Eventually, this will be a web application for annotating relationships between entities in text in a semi-automated way. For example, you can use it to extract a social network from a novel in which characters are nodes and edges indicate how often two characters speak to each other throughout the novel.
Currently, only the character extraction is supported. The interface allows the user to upload a text for processing, then displays the characters with alias groups (all the different ways a character is mentioned). The user can then alter the groups by splitting, merging, and deleting alias groups. Each alias group will make up a node in the final social network (the extraction of which has yet to be implemented).
Clone this directory onto a webserver that has PHP 5.5+ and Java JDK 8 or higher installed.
Copy config/settings-EXAMPLE.jsonc
to config/settings.jsonc
and edit it.
Note that you must choose where to store original texts (must be writable by the
apache user) and what database to use to store metadata. Currently supported
databases:
- sqlite
- PostgreSQL
No property should be defined more than once; for any repeated property, the
last value set is used. You may use //
to comment out lines.
Run the database migrations:
php bin/migrate-database.php up
See Database Migrations for details on migrations and troubleshooting.
Install https://github.com/dbamman/book-nlp with the supporting models in the
entities
directory:
git clone https://github.com/dbamman/book-nlp
## As per the BookNLP README, acquire and install the models:
cd book-nlp
curl https://nlp.stanford.edu/software/stanford-corenlp-full-2017-06-09.zip -O
unzip stanford-corenlp-full-2017-06-09.zip
mv stanford-corenlp-full-2017-06-09/stanford-corenlp-3.8.0-models.jar lib/
cd ..
Make a copy or symlink to the book-nlp/files/
directory in the
entities
directory. E.g.,
ln -s book-nlp/files .
Download remaining dependencies and compile the Java side of things by running:
bin/make.sh
Start the BookNLPServer by running the run-java-server.sh
script:
bin/run-java-server.sh
To start up a development server, go into the web
directory and use the built
in PHP server.
cd web/
php -S localhost:3535 routes.php
Then open a browser and go to: http://localhost:3535. You can change the port number to something other than 3535 if you wish.
In order to route everything through web/routes.php
, add the
config/apache.conf
configuration files to your sites
(e.g., in /etc/apache2/sites-available
), modify it to use your domain, adjust
the DOCUMENT_ROOT
path accordingly, then enable it:
## Note: this is the location on Ubuntu.
sudo cp apache.conf /etc/apache2/sites-available/entities.conf
## Edit the file.
sudo vim /etc/apache2/sites-available/entities.conf
## Enable the site.
sudo a2ensite entities.conf
We strongly recommend that you use SSL to service requests. An easy and
free way to do this is to use EEF's certbot.

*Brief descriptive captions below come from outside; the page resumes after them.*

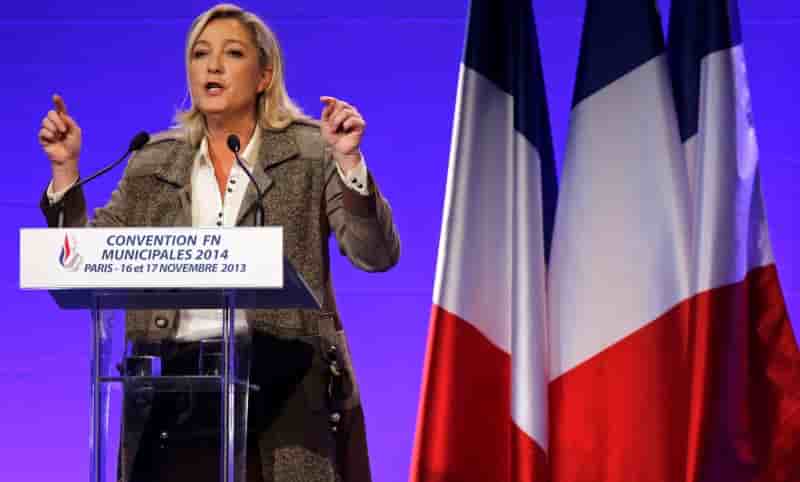 Le FN, avec près de 600 listes, veut gagner des villes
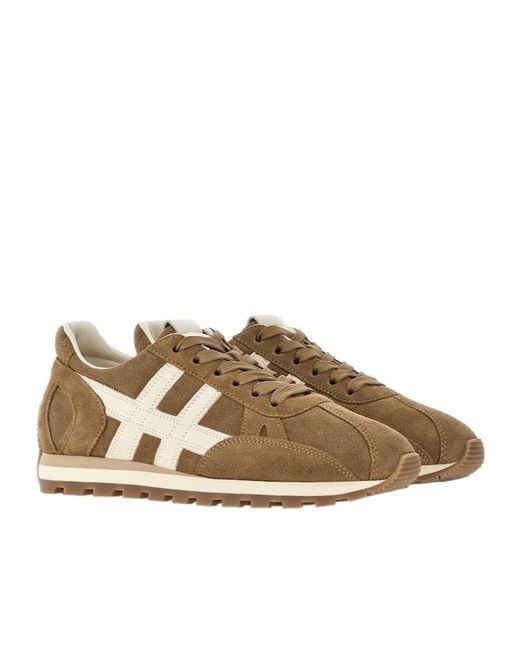 Hogan Brown 86Er Sneakers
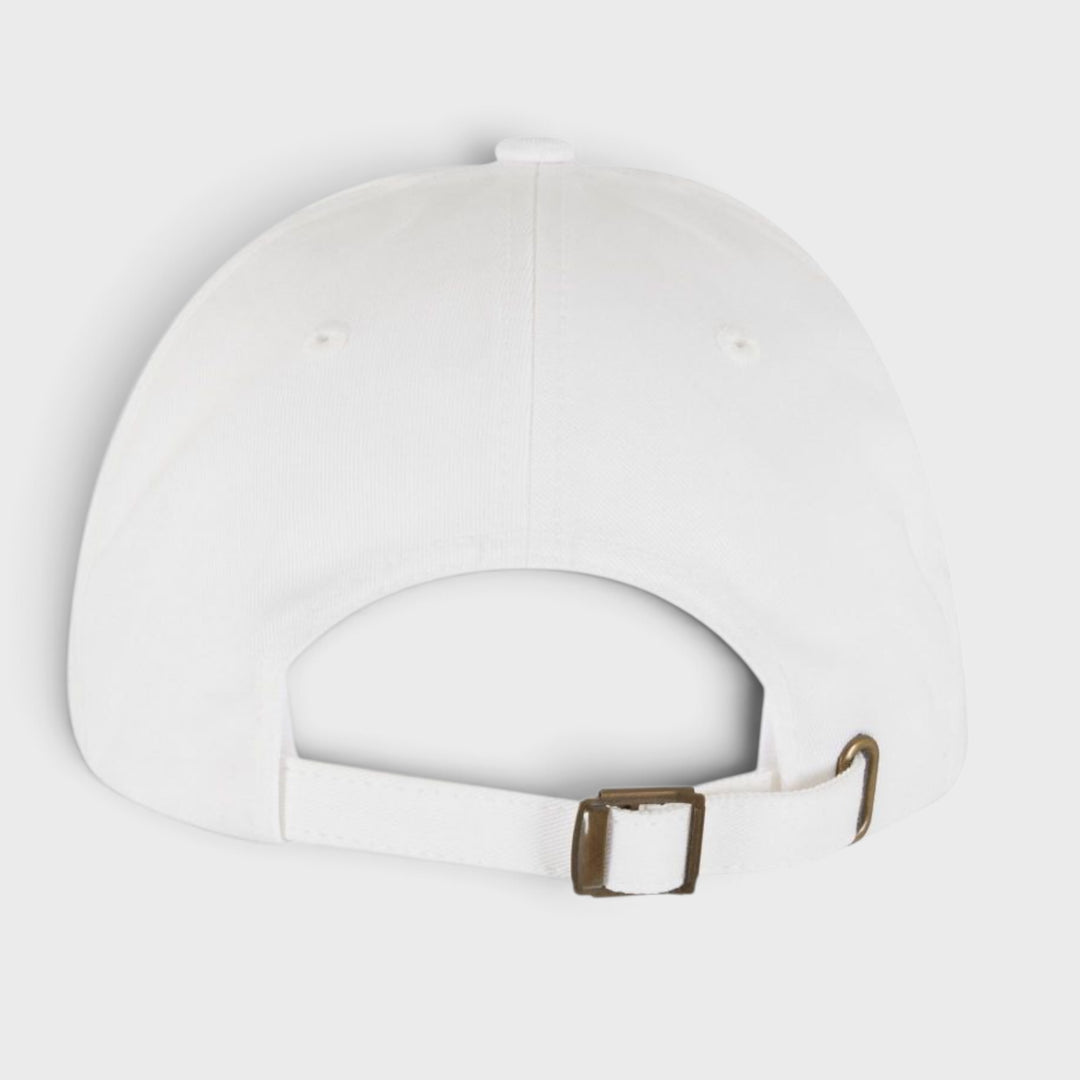 The Classics Yupoong Low Profile Cotton Twill 2-Toned wht/blk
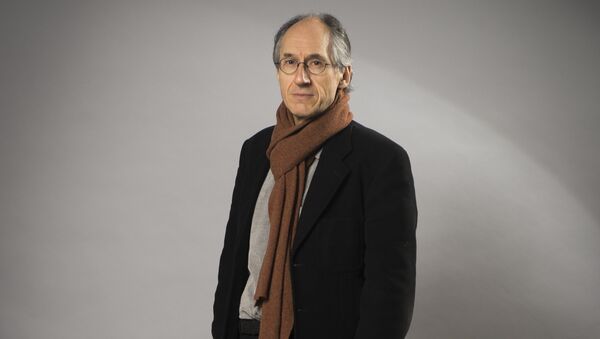 Editor in chief of French satirical weekly Charlie Hebdo Gerard Briard - Sputnik International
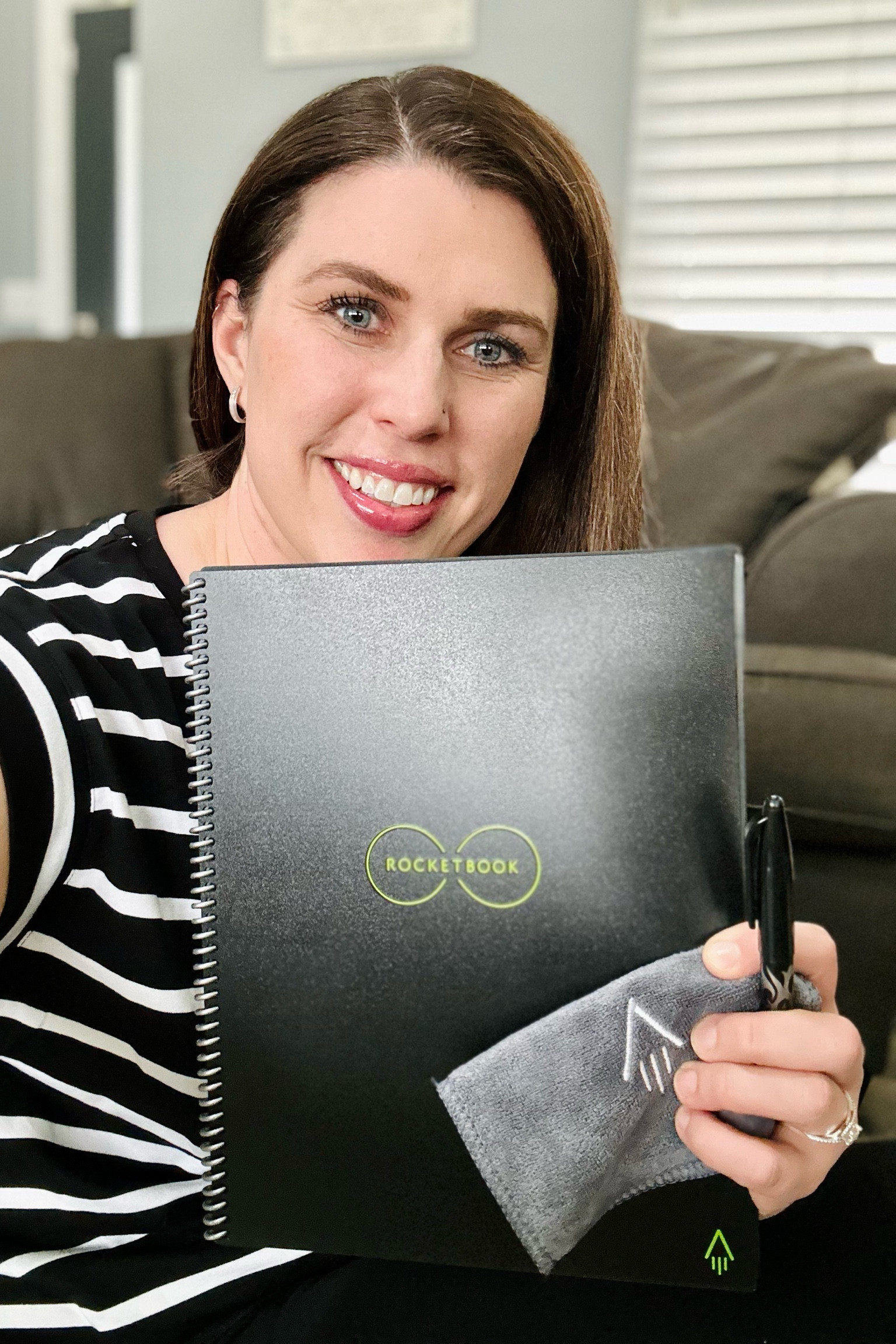 Rocketbooks are reusable and make it easy to save your notes on the cloud of your choice! Great alternative to paper notebooks! 

#LTKfamily #LTKhome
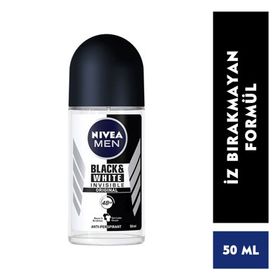 Nivea Black Whıte Power 50 ml Erkek Roll-On Deodorant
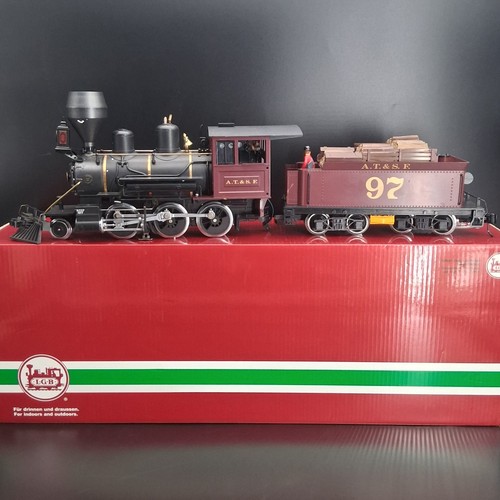 Lgb 29192 gauge mogul steam - 29192,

Follow the instructions to install and run certbot. Choose to secure the
(sub)domain specified in entities.conf
. We also recommend that you select to
redirect all non-SSL traffic to SSL; certbot will take care of updating your
entities.conf
file.
Apache runs as a special user (e.g., www-data
on Debian systems), which means
that files and folders created via PHP will be owned by that user and a group
of the same name. The data directory where texts and annotatation
information are stored needs to be writable by both the Apache user as well
as the user that the Java server is running under. One way to make this work
is as follows (with Ubuntu commands):
- Make a new system user named
entities
(or whatever you'd like)
sudo useradd entities
## Create a password.
sudo password entities
- Add entities to the Apache user group (e.g.,
www-data
on Ubuntu)
sudo usermod -a -G www-data entities
- This user also needs to be able to write to some log files in the
book-nlp
directory, so makeentities
the owner of that
sudo chown -R entities book-nlp
- Run the Java server as the
entities
user:
su entities
./run-java-server
- If you are using sqlite3 for the database (not a good idea in production), make sure to make it group writable once it's created (e.g., after making an initial user account)

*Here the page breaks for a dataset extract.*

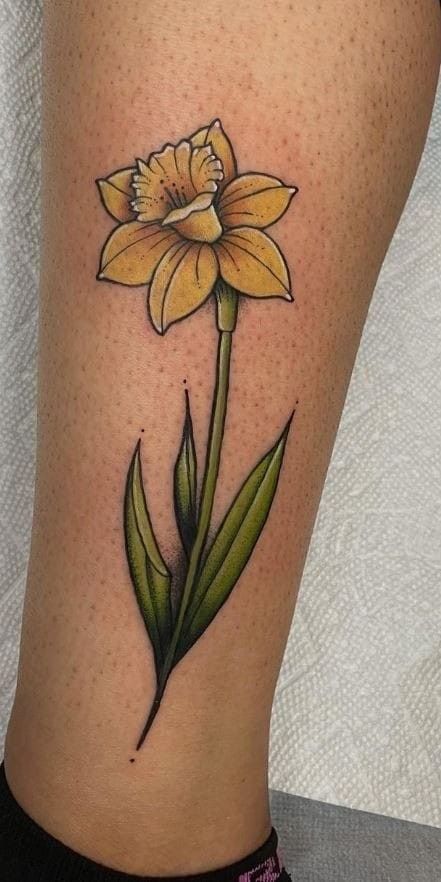 28 Daffodil Tattoo Ideas 2026: Beautiful Designs That Celebrate New Beginnings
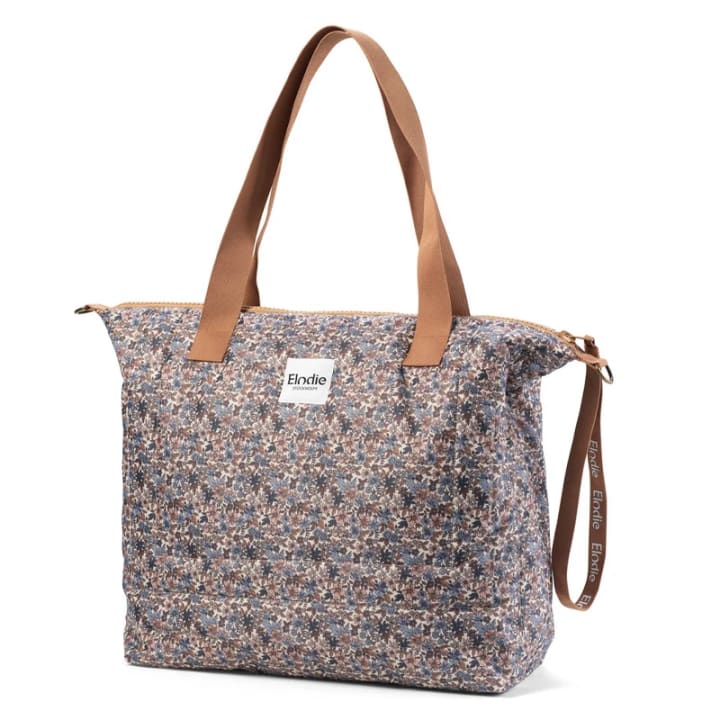 Elodie Changing Bag Soft Shell Blue Garden Elodie Details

## Supposing your sqlite3 database is in data/database.sqlite3
sudo chmod g+w data/database.sqlite3
The migrate-database.php
script contains the code to create and modify
database tables. It allows adapting existing tables (e.g., due to new
development) without losing data. It also allows for down migration—tearing down
tables and removing columns. This is helpful if you want to start over,
usually while developing.
To perform a normal up migration, run:
php migrate-database.php up [<num-migrations>]
<num-migrations>
is an optional argument and should include the number of
migrations to perform. If omitted, all migrations are performed.
To undo all migrations, run:
php migrate-database.php down <num-migrations>
<num-migrations>
is required for down migration; use -1 for "all". To rollback
to the previous migration, do:
php migraiton-database.php down 1
You'll be asked to confirm before a down migration (which will result in the loss of data) is performed.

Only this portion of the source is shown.